- Task
In the material below, find the line that contains "Residential 1 Kanal" and the line that contains "Set van 8 oranje", then write out exactly those two lines and everything between them.

^^^^^^^^

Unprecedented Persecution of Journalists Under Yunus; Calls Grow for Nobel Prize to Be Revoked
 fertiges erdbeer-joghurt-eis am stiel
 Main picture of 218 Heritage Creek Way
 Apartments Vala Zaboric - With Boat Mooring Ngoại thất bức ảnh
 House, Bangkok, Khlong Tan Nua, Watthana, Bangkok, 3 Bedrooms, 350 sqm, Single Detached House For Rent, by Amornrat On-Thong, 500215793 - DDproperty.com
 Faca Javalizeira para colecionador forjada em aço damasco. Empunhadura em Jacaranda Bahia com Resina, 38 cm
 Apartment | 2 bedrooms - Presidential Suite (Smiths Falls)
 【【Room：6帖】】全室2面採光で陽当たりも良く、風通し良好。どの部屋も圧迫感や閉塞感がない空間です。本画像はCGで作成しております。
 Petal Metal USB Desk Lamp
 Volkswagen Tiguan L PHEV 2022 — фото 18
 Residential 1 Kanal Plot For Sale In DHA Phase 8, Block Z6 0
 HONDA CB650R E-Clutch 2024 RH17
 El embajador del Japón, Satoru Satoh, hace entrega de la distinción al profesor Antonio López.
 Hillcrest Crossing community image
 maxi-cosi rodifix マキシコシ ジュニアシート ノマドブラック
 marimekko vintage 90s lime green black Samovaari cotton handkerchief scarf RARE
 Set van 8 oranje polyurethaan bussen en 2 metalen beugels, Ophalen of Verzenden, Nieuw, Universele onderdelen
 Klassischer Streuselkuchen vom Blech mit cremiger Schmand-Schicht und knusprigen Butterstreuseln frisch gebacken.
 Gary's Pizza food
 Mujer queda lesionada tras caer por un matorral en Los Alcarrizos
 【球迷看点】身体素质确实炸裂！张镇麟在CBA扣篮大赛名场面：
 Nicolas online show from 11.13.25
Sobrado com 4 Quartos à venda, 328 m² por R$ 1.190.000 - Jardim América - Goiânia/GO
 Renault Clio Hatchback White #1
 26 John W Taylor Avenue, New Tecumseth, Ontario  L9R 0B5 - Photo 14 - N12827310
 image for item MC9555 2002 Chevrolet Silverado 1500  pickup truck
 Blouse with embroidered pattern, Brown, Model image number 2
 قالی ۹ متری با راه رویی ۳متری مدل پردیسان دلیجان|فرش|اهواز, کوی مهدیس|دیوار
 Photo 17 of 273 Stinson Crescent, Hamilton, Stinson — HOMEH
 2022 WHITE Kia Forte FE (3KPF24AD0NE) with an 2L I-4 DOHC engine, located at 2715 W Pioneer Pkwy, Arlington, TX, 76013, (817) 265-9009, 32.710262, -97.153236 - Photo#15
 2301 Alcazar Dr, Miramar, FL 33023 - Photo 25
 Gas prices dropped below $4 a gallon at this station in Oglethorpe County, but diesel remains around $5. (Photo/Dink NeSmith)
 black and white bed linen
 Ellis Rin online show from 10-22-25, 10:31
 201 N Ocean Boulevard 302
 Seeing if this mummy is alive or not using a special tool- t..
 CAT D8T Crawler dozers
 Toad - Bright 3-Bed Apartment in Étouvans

^^^^^^^^

- Response for this exercise
 Residential 1 Kanal Plot For Sale In DHA Phase 8, Block Z6 0
 HONDA CB650R E-Clutch 2024 RH17
 El embajador del Japón, Satoru Satoh, hace entrega de la distinción al profesor Antonio López.
 Hillcrest Crossing community image
 maxi-cosi rodifix マキシコシ ジュニアシート ノマドブラック
 marimekko vintage 90s lime green black Samovaari cotton handkerchief scarf RARE
 Set van 8 oranje polyurethaan bussen en 2 metalen beugels, Ophalen of Verzenden, Nieuw, Universele onderdelen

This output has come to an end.